A friend of mine a while back, given to visions, found herself in a garden of strange shapes, all standing beside their opposites. A voice told her, Look at it from over here… And she went there, and looked, and saw that there were only unities in that garden.
Our whole world is dichotomies: night/day; male/female; darkness/light; human/being.
It has been said that this world is a school where we as entities come to live in bodies, to experience all these dichotomies, these options, and to learn how to make choices: choices that bring us to prosperity, to well-being, to connectedness when we need it and individuality when we need that. It is by our choices we find happiness–or not. And what is ‘happiness?’ That also is, of course, a matter of choice.
Our choice-making is, of course, based on what we believe about–well, everything. Life, the world, other people, ourselves…

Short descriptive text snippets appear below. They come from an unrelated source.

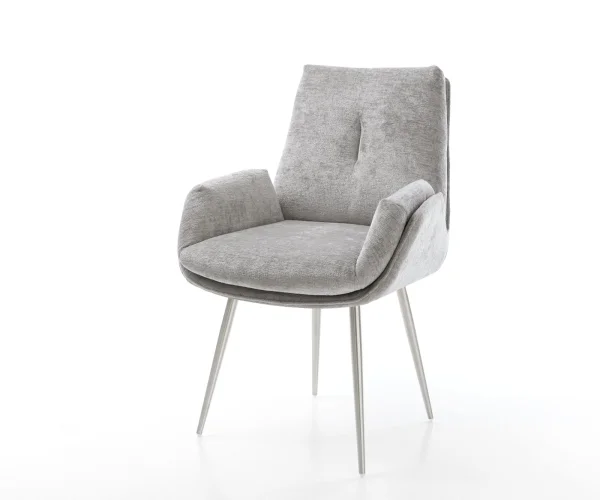 Esszimmerstuhl Clea-Flex Chenille Silbergrau 4-Fuß konisch Edelstahl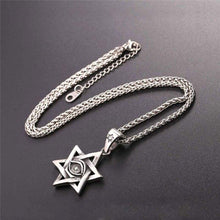 Load image into Gallery viewer, U7 Antique Egyptian Eye of Horus Necklace Stainless Steel Chain Petacle Six-Pointed Star Pendant Amulet for Men and Women - Pendant Necklace
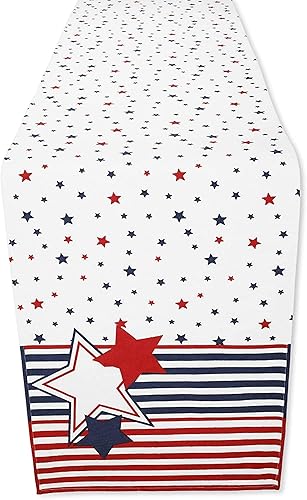Folkulture Camino de mesa con estrellas y rayas del 4 de julio, 100% algodón, 108 pulgadas de largo para decoración roja, blanca y azul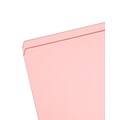 Smead Reinforced File Folder, Straight Cut, Letter Size, Pink, 100/Box (12610)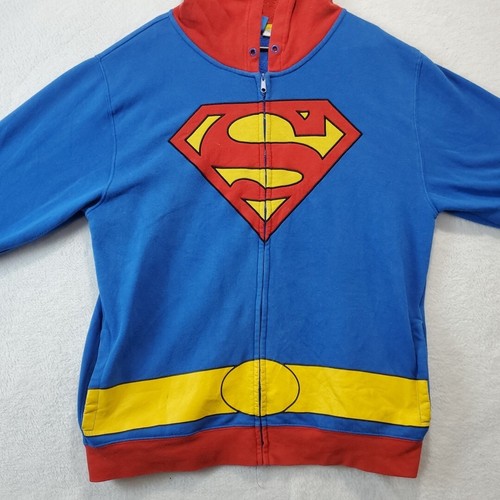Superman Hoodie Full Zip Sweatshirt Jacket Mens Size XL Halloween Costume Hooded - Picture 3 of 11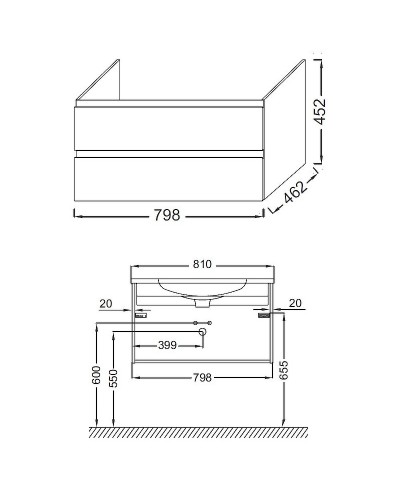 Тумба под раковину Jacob Delafon Madeleine 80 EB2053-J54 подвесная Серая матовая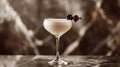 Cocktail with cherry on the background of a dark forest. Royalty Free Stock Photo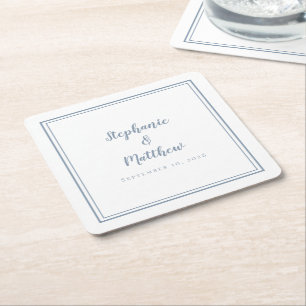 Dessous-de-verre Carré En Papier Dusty Blue Mariage Simple moderne minimaliste Part
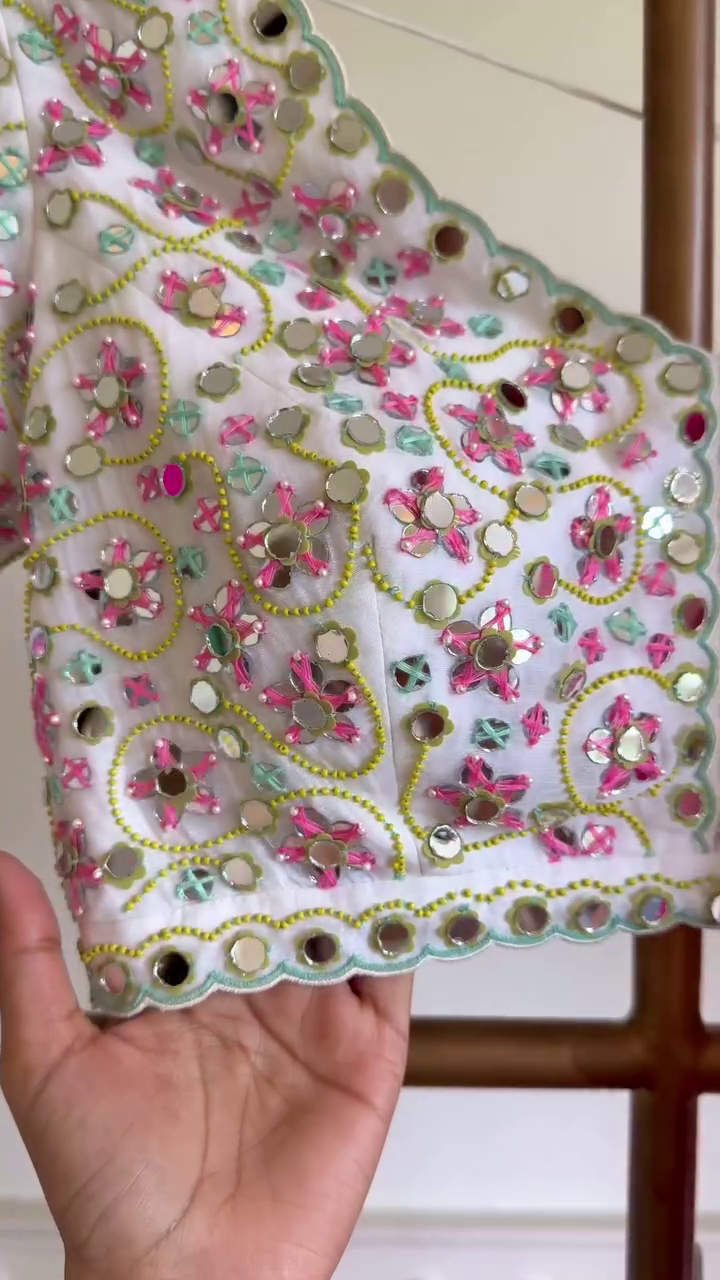 Pink Bandhani Mirror Work Lehenga Set with Embroidered Blouse - Image 3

Our beliefs are based on our interpretation of what we find in the world, how we observe it, and through what filters of awareness, of judgement, of previous investments or commitments. We believe according to what trusted authorities have told us is true. We believe what our logic and analysis tell us is true. We believe what our feelings tell us is true. If, in fact, what we believe is mistaken, Reality will let us know that we have chosen poorly. We can choose to pay attention to that, or to continue to cling to our most cherished beliefs no matter how they fail to bring us to happiness.
Every day deluges us with options and opportunities to go one way or another. Every dichotomy breaks down into further dichotomies. Each choice made also changes the landscape of next choices. Every choice has consequences, every consequence requires new choices. Every short term success may lead to longer term consequences, and there are always those ‘unintended consequences’ we never saw coming.
Are there right and wrong choices? Or simply choices that work, vs choices that don’t work? How you answer depends on what you believe. What you believe depends on who or what you accept as authority over your own ability to observe, understand, and choose.
And the longer one remains in school, the more challenging the lessons become.
Welcome to the Garden of Dichotomies!